Last year the Getty Center in Los Angeles hosted a special exhibition, Lumen: The Art and Science of Light, which beautifully explored this universal human experience with light. The exhibition looked at how medieval (800-1600 CE) artists, theologians, astrologers, and philosophers across Europe and the Mediterranean world sought to understand light, and walked visitors through the ancient and premodern scientific foundations of Islamic and Christian knowledge of the sky, their understanding of vision and light, and how light was used to enhance the spiritual experience of divinity within sacred spaces. The questions being asked were: Is God light? Are we beings of light? Are we god? Is light time? What is time? All the big theological issues were under the microscope, as it were.

To the Egyptologist, the ancient roots of the medieval world’s understanding of light and the belief in its divine origins were present in every artifact and artwork of the exhibition, and observations on ancient Egyptian parallels leapt out everywhere. Common threads, like the medieval belief that knowledge of the natural world and the divine can be conducted and communicated to worshipers via light, are evocative of ancient Egypt’s solar cult, especially the Atenism of Akhenaten. The visual parallel with ancient Egyptian depictions of the Aten’s rays beaming down on Akhenaten with outstretched hands offering the ankh (symbol of life) and a 9th century CE illuminated manuscript of the Pentecost in which the Holy Spirit’s rays of light extend down from the heavens carrying divine knowledge and igniting tongues of flame on the heads of worshipers is irresistible. Medieval and contemporary artists’ efforts to capture the immaterial (in this case, light) in the material is also something they have in common with the ancient Egyptians. Among the contemporary works included in the exhibition, E. V. Day’s dramatic Golden Rays/In Vitro (2018), with its three-dimensional formation of illuminated rays descending from one precise point via fiber optic cable and gilded aircraft cable, brings to mind the straight sides of ancient Egyptian pyramids which, as Kara reminds us on the podcast, were intended to represent the sun’s rays in stone. Like the illumination of the Pentecost, Day’s work also calls back to the image of the Aten, allowing one to better understand it and see it for what it is—a three-dimensional representation of rays of light extending down from the sphere of the sun rendered through the two-dimensional ancient Egyptian artistic canon. Standing there in that space, with the light beams joining heaven and earth, granted some small idea of what Akhenaten was trying to do with his new theology.

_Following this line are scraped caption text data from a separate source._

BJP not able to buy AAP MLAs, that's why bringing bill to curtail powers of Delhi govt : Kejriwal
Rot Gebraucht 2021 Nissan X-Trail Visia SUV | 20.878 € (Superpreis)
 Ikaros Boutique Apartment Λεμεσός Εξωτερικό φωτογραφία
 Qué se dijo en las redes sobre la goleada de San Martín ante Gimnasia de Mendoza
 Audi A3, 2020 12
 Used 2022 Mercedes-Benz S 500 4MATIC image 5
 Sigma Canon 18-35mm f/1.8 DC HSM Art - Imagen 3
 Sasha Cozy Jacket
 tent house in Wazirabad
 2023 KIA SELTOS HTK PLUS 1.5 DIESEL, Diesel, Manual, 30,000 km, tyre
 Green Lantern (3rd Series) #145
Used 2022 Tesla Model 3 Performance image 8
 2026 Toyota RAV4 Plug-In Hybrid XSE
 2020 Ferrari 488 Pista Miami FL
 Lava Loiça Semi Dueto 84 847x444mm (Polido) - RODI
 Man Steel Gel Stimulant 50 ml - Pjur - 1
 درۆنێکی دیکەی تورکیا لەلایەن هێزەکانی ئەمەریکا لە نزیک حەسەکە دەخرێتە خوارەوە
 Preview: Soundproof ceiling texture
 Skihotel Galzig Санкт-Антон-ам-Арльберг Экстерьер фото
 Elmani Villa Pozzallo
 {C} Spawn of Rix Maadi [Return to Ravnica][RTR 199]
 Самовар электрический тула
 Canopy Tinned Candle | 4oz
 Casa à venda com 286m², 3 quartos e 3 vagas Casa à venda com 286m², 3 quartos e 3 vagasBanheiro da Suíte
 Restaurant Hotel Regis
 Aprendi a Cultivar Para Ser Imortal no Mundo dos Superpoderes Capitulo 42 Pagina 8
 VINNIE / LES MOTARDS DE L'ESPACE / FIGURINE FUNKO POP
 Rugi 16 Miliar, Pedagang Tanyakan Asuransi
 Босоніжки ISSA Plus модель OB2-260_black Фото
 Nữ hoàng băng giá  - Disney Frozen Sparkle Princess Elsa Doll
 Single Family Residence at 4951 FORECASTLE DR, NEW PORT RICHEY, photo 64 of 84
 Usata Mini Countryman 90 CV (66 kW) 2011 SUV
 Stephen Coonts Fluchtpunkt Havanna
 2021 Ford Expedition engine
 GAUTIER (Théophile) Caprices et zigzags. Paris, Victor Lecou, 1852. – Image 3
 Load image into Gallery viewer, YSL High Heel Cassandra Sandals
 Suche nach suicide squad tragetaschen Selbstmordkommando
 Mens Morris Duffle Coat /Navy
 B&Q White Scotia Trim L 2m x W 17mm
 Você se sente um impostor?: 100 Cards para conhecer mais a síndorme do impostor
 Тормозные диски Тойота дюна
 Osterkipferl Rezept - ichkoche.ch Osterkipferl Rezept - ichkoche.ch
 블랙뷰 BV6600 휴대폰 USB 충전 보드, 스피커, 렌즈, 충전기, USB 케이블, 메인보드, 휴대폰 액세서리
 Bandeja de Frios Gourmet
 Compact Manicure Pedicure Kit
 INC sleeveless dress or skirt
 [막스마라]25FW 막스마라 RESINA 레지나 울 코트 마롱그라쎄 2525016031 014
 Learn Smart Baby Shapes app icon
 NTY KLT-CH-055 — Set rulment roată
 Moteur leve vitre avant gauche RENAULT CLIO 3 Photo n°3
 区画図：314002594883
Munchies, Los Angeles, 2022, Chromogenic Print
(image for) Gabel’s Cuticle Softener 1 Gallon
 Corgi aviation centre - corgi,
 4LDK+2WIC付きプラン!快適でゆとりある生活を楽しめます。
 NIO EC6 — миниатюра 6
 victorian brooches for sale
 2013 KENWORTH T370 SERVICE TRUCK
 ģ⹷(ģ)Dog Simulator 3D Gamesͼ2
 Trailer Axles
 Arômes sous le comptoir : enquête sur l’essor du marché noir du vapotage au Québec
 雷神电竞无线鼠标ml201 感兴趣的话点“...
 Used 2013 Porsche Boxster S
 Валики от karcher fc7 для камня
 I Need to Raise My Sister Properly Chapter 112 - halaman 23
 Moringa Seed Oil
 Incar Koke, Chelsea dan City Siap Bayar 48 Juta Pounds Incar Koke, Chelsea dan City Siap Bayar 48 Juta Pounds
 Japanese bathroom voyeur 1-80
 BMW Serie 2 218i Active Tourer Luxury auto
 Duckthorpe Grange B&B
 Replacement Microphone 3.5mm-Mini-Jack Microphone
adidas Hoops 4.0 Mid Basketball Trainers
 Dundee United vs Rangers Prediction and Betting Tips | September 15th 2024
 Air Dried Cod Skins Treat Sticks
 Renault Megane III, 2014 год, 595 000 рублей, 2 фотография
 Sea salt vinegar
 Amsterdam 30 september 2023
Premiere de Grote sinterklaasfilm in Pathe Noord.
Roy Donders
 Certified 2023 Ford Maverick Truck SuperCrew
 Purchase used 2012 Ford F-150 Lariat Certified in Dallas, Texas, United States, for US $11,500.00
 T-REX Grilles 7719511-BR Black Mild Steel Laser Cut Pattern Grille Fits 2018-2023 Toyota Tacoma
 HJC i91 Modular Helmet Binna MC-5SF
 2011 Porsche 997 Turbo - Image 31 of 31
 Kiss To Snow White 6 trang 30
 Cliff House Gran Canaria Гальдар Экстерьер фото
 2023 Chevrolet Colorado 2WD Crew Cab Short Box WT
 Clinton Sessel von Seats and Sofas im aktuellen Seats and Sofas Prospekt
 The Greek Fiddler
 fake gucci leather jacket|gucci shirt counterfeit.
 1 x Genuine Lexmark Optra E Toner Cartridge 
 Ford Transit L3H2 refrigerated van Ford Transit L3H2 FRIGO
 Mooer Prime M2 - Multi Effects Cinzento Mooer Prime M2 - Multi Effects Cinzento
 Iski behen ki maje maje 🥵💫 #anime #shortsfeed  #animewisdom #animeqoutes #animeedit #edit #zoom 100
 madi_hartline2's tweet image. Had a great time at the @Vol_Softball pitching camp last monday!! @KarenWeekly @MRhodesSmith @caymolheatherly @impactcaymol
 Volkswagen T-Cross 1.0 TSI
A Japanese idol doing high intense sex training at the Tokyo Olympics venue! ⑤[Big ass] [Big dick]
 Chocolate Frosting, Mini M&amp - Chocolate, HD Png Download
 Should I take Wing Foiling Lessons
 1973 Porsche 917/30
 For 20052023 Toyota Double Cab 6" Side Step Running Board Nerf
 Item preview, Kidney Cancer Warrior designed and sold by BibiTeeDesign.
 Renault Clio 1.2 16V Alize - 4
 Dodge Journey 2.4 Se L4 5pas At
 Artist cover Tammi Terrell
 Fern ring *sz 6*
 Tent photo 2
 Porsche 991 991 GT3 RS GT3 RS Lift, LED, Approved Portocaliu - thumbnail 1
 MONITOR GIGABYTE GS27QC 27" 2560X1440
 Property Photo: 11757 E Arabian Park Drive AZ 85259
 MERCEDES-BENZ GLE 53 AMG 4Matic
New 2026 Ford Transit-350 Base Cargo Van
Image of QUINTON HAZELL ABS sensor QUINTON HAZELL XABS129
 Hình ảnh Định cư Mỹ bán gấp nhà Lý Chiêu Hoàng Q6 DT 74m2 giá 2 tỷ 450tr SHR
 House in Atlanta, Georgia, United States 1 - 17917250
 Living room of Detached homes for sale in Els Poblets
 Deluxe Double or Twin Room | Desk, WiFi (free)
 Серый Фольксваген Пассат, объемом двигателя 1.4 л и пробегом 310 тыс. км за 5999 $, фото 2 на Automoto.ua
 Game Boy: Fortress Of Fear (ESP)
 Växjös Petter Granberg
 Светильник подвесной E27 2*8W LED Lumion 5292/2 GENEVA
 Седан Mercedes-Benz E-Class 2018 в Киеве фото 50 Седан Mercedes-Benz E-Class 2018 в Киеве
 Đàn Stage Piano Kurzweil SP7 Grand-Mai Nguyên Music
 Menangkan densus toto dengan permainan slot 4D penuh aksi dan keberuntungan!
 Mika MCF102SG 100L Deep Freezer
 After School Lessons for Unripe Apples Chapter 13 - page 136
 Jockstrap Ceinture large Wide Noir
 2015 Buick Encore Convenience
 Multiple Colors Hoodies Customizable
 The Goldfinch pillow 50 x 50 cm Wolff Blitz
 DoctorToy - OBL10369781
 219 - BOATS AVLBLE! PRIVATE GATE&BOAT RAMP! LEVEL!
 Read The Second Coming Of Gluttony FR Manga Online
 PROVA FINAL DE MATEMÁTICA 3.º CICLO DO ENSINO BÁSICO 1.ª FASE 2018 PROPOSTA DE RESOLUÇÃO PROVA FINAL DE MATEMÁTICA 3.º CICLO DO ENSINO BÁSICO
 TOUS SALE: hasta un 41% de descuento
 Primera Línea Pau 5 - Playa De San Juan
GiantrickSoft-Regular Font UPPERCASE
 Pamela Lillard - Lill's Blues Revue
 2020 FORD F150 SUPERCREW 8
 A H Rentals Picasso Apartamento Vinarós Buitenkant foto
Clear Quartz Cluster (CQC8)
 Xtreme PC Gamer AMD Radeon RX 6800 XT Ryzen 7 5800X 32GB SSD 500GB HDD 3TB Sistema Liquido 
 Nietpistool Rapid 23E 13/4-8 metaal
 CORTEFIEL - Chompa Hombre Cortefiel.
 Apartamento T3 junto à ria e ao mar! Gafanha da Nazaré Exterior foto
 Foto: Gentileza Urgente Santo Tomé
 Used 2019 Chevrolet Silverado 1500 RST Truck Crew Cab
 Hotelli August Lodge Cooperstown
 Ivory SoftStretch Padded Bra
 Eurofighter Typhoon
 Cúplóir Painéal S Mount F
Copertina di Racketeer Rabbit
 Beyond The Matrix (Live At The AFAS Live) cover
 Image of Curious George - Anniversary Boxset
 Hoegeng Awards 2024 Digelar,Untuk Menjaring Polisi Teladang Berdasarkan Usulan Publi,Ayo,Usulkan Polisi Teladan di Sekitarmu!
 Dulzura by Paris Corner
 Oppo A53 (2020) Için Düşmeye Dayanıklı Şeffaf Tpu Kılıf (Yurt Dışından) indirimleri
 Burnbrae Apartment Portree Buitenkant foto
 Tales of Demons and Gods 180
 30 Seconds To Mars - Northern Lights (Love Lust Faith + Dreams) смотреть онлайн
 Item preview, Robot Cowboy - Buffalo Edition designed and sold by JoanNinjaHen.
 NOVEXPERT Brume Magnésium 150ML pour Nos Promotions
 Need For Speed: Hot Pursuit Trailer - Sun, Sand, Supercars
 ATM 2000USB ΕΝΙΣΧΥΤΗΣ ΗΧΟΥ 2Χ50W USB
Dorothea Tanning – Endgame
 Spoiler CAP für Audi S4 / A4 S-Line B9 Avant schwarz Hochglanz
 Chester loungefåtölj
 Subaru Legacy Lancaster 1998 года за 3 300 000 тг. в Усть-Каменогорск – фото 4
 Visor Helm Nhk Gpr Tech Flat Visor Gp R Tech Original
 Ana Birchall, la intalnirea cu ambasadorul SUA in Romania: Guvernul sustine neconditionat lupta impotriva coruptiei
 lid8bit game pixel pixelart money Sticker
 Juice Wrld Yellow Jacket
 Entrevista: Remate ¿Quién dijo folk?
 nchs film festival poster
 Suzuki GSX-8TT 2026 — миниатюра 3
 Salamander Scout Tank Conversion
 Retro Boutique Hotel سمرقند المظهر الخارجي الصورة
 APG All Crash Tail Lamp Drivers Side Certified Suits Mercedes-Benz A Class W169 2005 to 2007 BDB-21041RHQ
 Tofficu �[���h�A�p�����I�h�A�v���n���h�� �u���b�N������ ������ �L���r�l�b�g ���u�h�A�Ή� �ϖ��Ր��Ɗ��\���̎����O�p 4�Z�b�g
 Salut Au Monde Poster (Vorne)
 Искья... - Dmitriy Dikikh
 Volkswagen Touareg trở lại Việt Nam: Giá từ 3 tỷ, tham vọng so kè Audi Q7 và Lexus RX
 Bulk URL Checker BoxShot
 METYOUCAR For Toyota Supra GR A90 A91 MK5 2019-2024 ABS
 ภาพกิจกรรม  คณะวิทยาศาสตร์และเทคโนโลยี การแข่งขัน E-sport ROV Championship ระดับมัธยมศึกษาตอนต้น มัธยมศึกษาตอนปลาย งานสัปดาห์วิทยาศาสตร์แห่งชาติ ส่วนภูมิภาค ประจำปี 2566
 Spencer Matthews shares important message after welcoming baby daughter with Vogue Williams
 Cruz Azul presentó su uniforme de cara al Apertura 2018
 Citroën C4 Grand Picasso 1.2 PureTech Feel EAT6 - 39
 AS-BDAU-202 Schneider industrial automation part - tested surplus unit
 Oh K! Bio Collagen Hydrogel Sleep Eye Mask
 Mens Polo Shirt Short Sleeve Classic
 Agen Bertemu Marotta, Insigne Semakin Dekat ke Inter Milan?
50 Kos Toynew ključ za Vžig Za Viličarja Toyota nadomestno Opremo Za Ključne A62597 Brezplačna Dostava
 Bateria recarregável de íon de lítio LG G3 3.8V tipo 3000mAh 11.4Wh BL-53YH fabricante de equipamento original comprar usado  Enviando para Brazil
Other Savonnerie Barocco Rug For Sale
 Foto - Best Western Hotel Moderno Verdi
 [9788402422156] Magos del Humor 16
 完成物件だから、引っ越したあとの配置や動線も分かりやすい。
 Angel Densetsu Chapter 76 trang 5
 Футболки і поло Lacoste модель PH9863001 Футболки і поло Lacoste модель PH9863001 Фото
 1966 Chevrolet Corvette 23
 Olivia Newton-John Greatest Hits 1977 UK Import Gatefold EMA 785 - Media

Ancient, medieval, and contemporary artists and architects have all explored light and how it interacts with various media, surfaces, and materials, and one of the strengths of the exhibition was the way in which the curators Kristen Collins and Nancy Turner leaned into the opportunity to use the very subject of the exhibition—light—to draw the visitor out of passive observation into a more active experience, using light in the gallery space to create creative spaces demanding we think about how light shapes the experience of worship. From the carefully chosen precious metals and stones in medieval altar pieces, reliquaries, and architectural elements to the contemporary artworks woven throughout the exhibition, it was a nice touch and an ever-present reminder that light can be used to create a visceral, physical experience as well as an intellectual or spiritual one.
Our fascination with light persists—there is still much about light and its properties that science has yet to fully explain (just ask a quantum physicist!), including an understanding of its absence. The final gallery featured a work by contemporary artist Anish Kapoor called “Non-Object Black, 2018,” in which he used one of the darkest pigments ever created. Known as vantablack, it absorbs 99.965% of visible light. This pigment reflects so little light that the viewer has difficulty seeing depth and texture. Looking head-on, one sees only a flat diamond shape, but moving around the object and looking from different angles reveals a three-dimensional form. (Watch this short video to get an idea of how Karpoor’s Non-Object Black series messes with the viewer’s perception.) The absence of light can be as striking as its presence, and Kapoor uses the simple diamond shape and an understanding of physics to fool with the viewer’s perception and visual experience. It is at once a two-dimensional and three-dimensional artwork, and it scrambles the brain’s circuits a little: We realize how easily our senses are fooled and that our ability to perceive the universe is limited. We wonder what lies beyond our perception and how our own senses might be deceiving us.
Black hole, anyone?
Light is a natural element that we tend to think of as an unbiased means of perceiving the world around us, but for thousands of years, from the pyramids of Giza to contemporary art galleries, it has been used it to shape our aesthetic experiences of art, culture, and religion in decidedly biased ways. We have always agreed on the presence of the light. The question has always been what we see in it.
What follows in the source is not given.